2022年 12月4日

 今年の秋は全体的に暖かいままで終わった。普通、秋ともなれば、底冷えのする日々が度々やって来るものなのだけど、そんな冬の訪れを感じさせる冷え込みがほとんど無かった。そのせいもあるのだろう、あちこちで、干し柿が上手くいかないという声を聞く。干し柿は、厳しく乾いた寒風にさらされて出来ていくものだが、秋が暖かいままだと、柿の実が干されるよりも、カビが生えて腐ってしまう。これも温暖化のせいだろうか。いずれこの地域も、干し柿作りには不向きな土地になっていくのかもしれない。もしくは、干し柿を作るのに冷蔵庫の力を借りるようになるとか。

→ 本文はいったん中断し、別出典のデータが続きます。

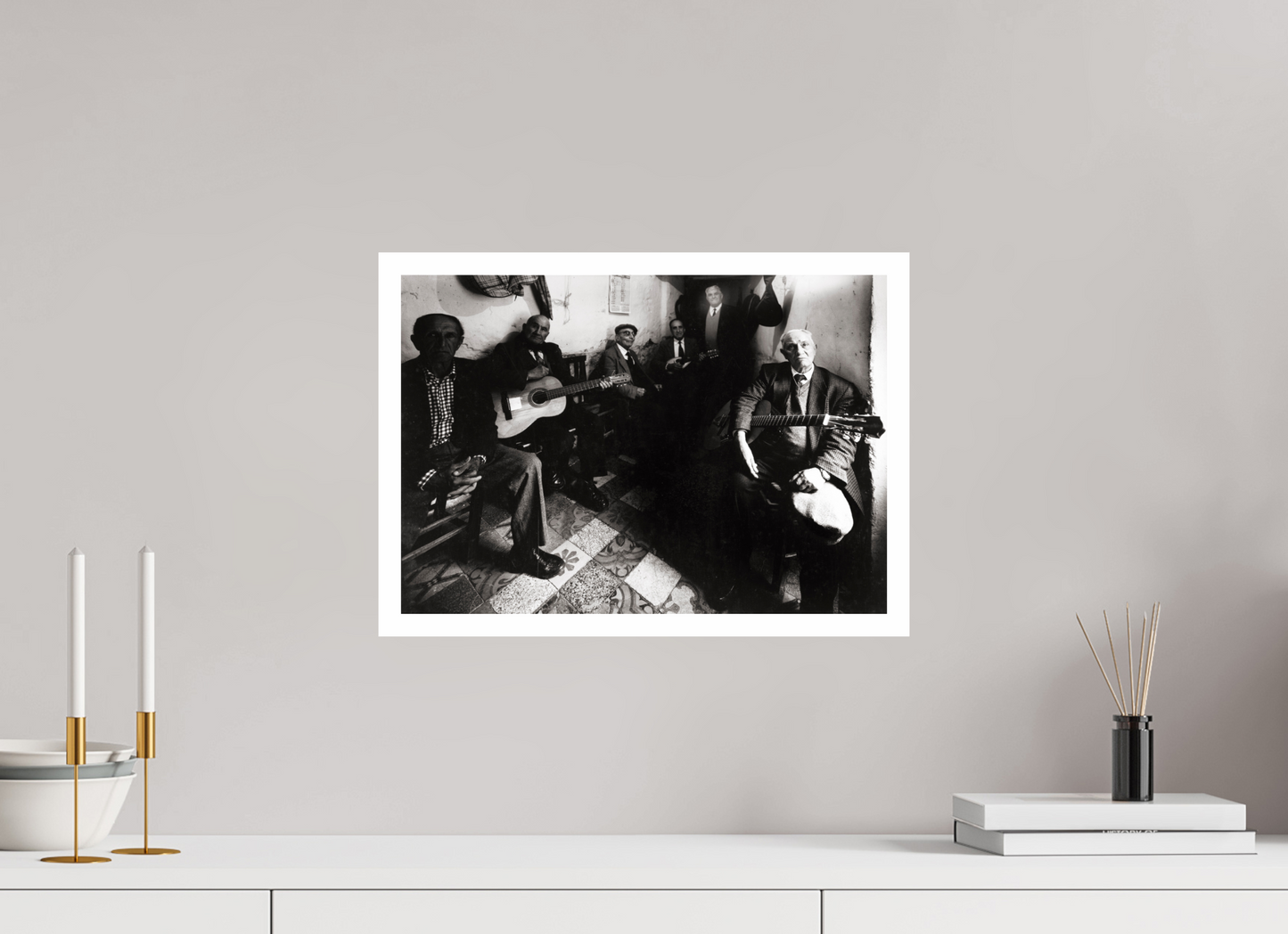 Corleone 003 | Musicians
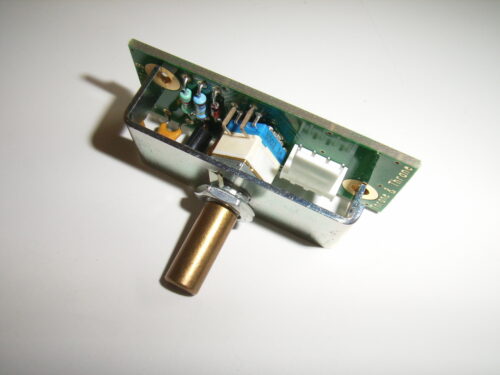 PCB, light con. Board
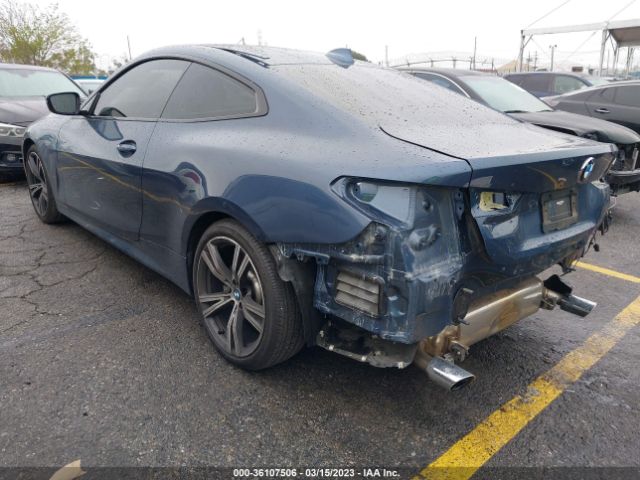 WBA53AP09NCH78988 BMW 4 Series 430i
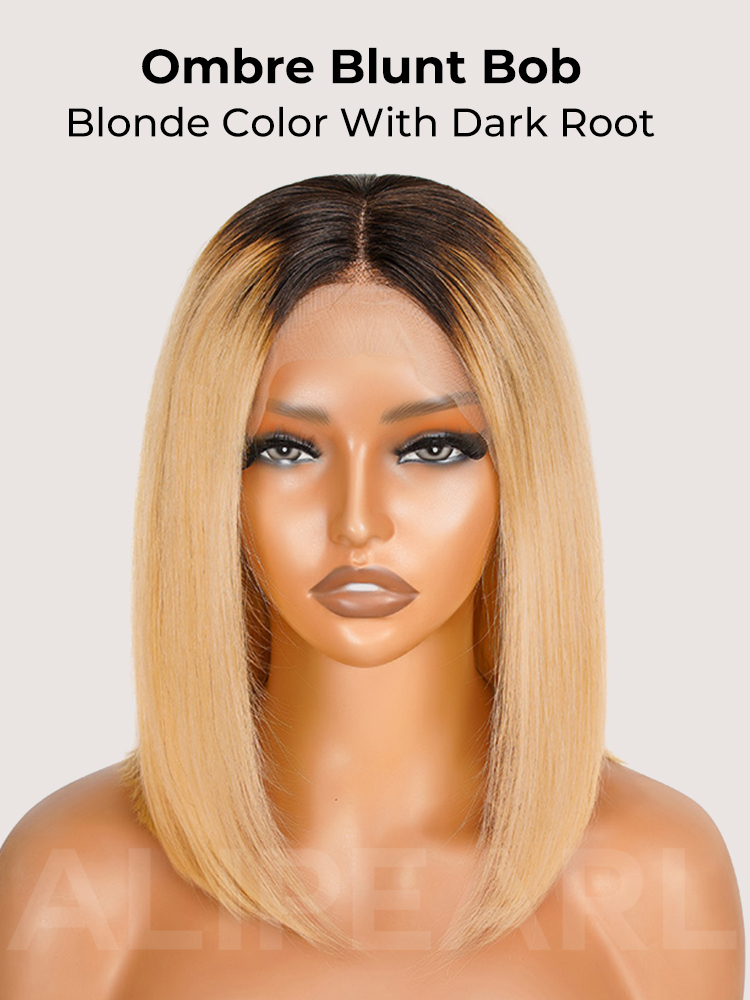 13*4 Lace Frontal Wig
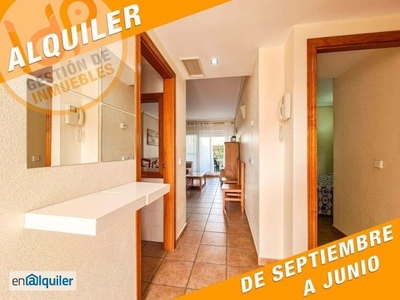 Apartamento en Alquiler en Vera Playa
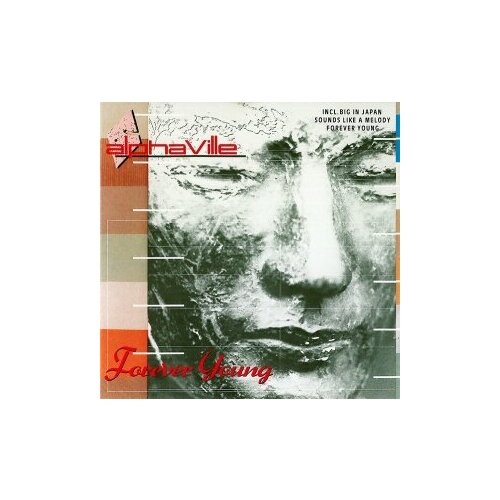 Компакт-Диски, WEA, ALPHAVILLE - Forever Young (CD) meyer marissa cress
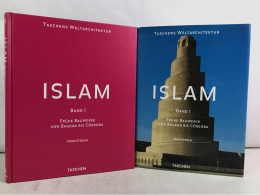 Islam; Teil: Bd. 1., Frühe Bauwerke Von Bagdad Bis Córdoba - Architettura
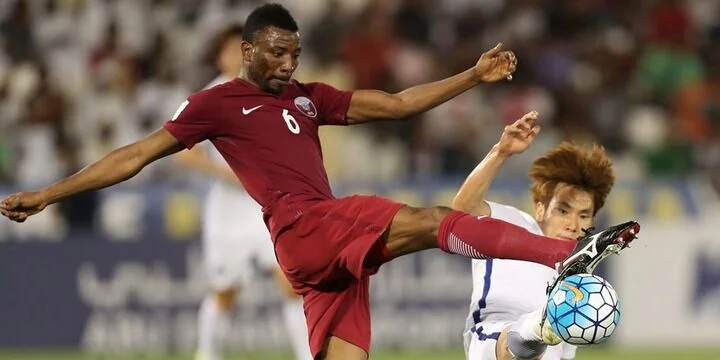 Катар - Южная Корея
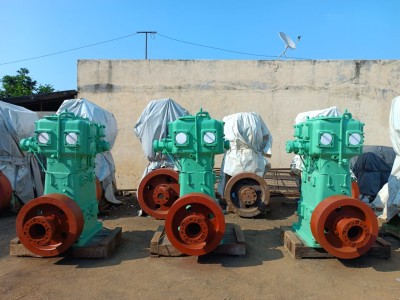 BURCKHARDT COMPRESSOR - 2K 120 2A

 そうなると、果たしてそれは土地に根差した文化と言えるのだろうか。

 そんな暖かい秋だったが、12月に入ったとたんに冷え込んできた。山の木々も、落葉樹で葉を付けているのは2割程度といったところ。これが落ち尽くすといよいよ冬景色になっていく。山の道路では、落ち葉を集めてトラックに載せる人々が目に付くようになった。あらゆる物価が上がっているが、腐葉土を作るための材料はタダで木から落ちて来る。

 山の木々も、場所によって葉を既に落ち尽くしている所もあれば、けっこう多くの葉を残している所もある。どうも、日当たりのいい山の斜面は、葉が遅くまで残るようだ。そのぶん、山の北斜面は早めに冬景色になっていく。

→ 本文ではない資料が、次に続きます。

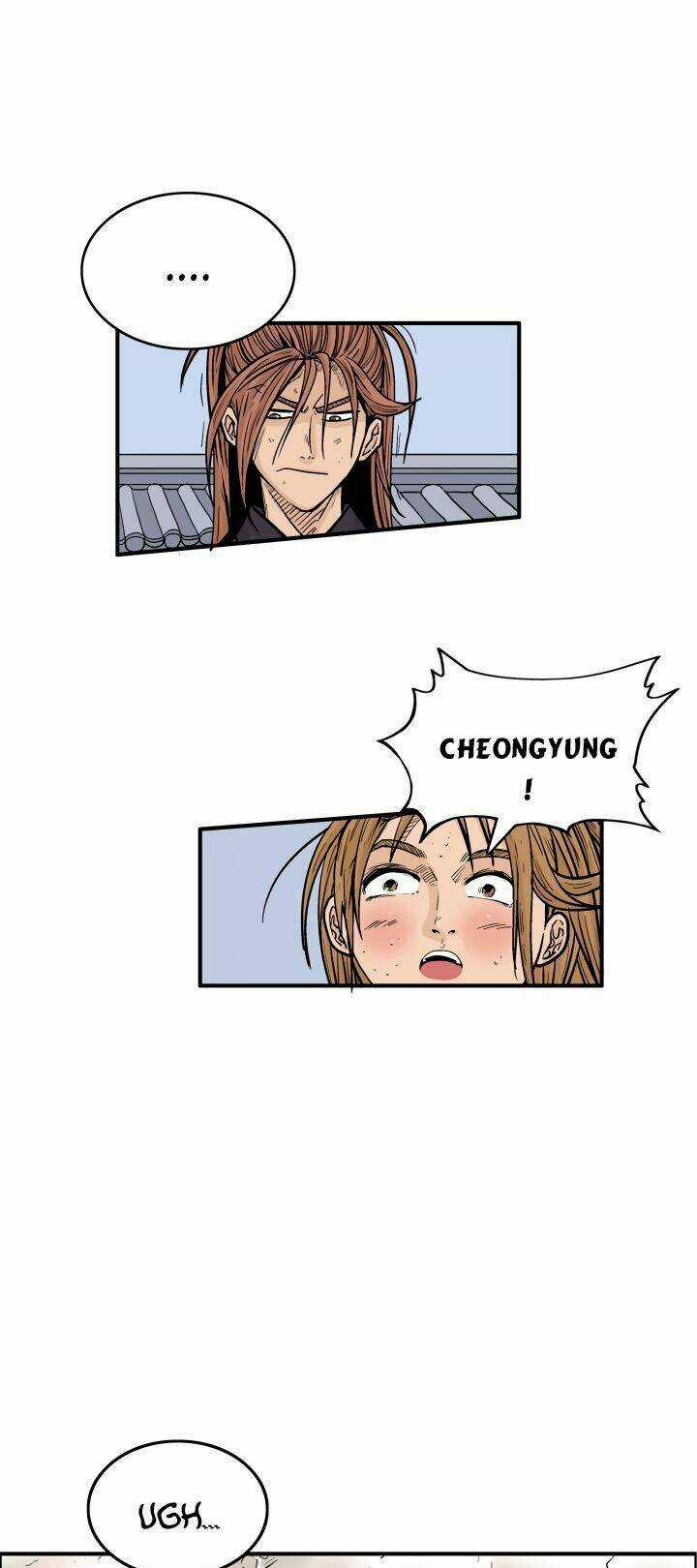 Hỏa Sơn Quyền Chapter 7 trang 18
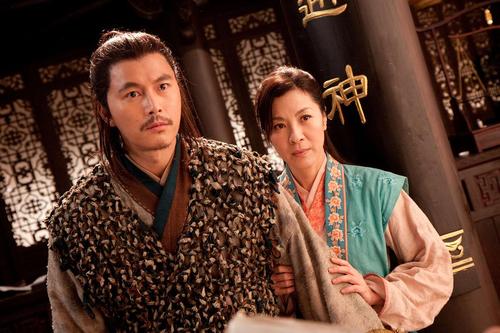 电影剑雨深度解析,剑雨最经典的一部电影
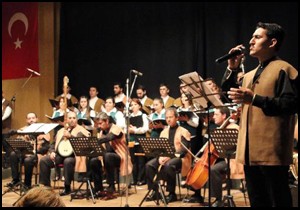 Tasavvuf Topluluğu'ndan Ramazana özel konser
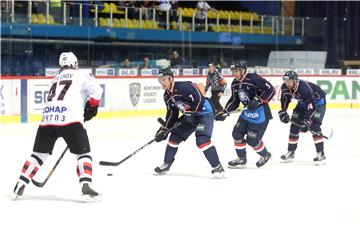 KHL - Poraz Medveščaka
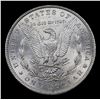 Image 3 : ***Auction Highlight*** 1882-p Morgan Dollar $1 Graded GEM Unc By USCG (fc)
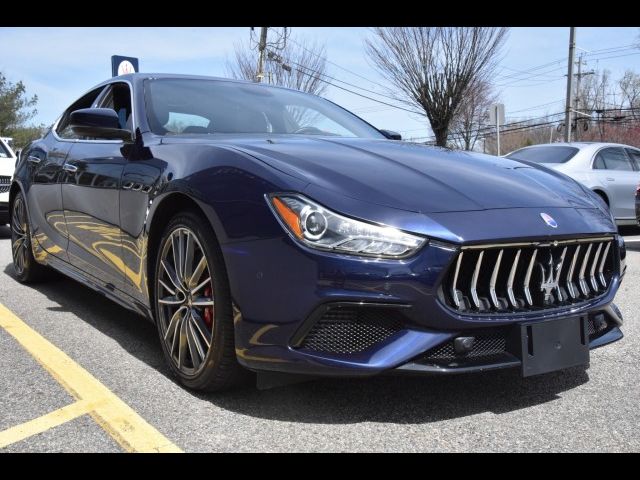 2020 Maserati Ghibli S Q4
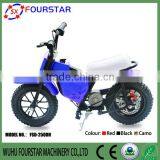 2015 Great Quality Fashionable Popular 250W 2 Wheel Electric Scooter for Kids thumbnail-3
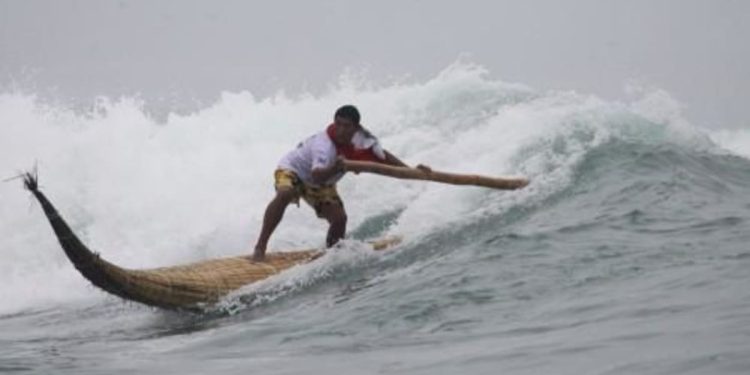 Mereka Adalah Peselancar dari 3.500 Tahun Lalu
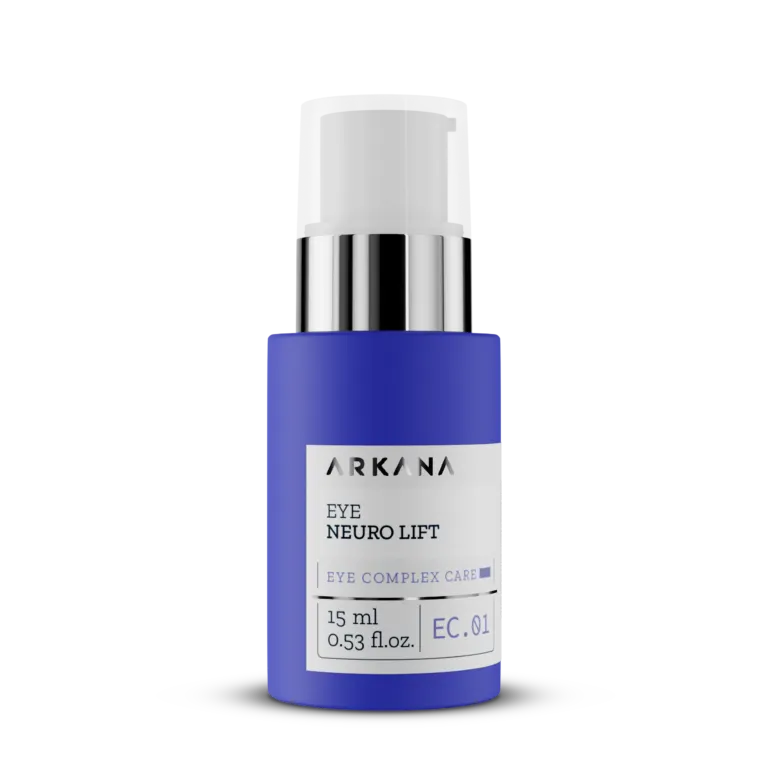 Лифтинг серум-крем за околоочния контур с GABA Arkana Eye Neuro Lift 15 ml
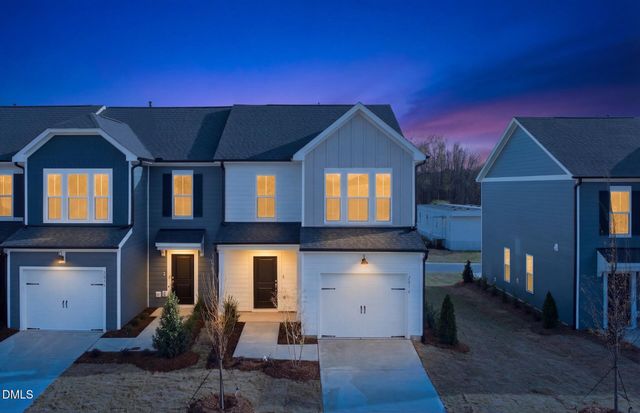 2814 Rodeo Court, Willow Springs, NC 27592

 最近、川上橋にあったバス停の小屋が無くなった。上の写真はグーグルマップのもの。無くなる前に自分も写真でも撮っておけばよかった。

 すでにこの場所にバスが通らなくなって久しい。画像を見ての通り、バス停として利用するような状態ではない。ただ、かつてここにバスが通り、雨が降る日などはこの小屋で雨をしのぎながらバスを待っていたのだと言う、証拠のような化石のような遺物である。

 このバス停には、いろいろと思い出がある。川上の集落には父方の祖父母が住んでいて、今でも本家がある。子供の頃は夏休みや休日にはよく遊びに行っていた。

 藤野に家族で遊びに行く時は、夕方に東京で父と合流し、そこから中央本線で藤野に向かう事が多かった。高尾辺りまでは夕暮れの景色だったが、藤野の駅に付く頃には夜になっている。

 その藤野の駅から、篠原行きのバスに乗る。バスの床は木製で、油をたっぷりと染み込ませたような黒光りで匂いがしていた。私が子供の頃の篠原までのバスの道は、相模湖を渡る日連の橋も、目もくらむような高さの赤沢の橋も、車のすれ違いも出来ないような細い橋で、まるで秘境に行くような感じがしたものだった。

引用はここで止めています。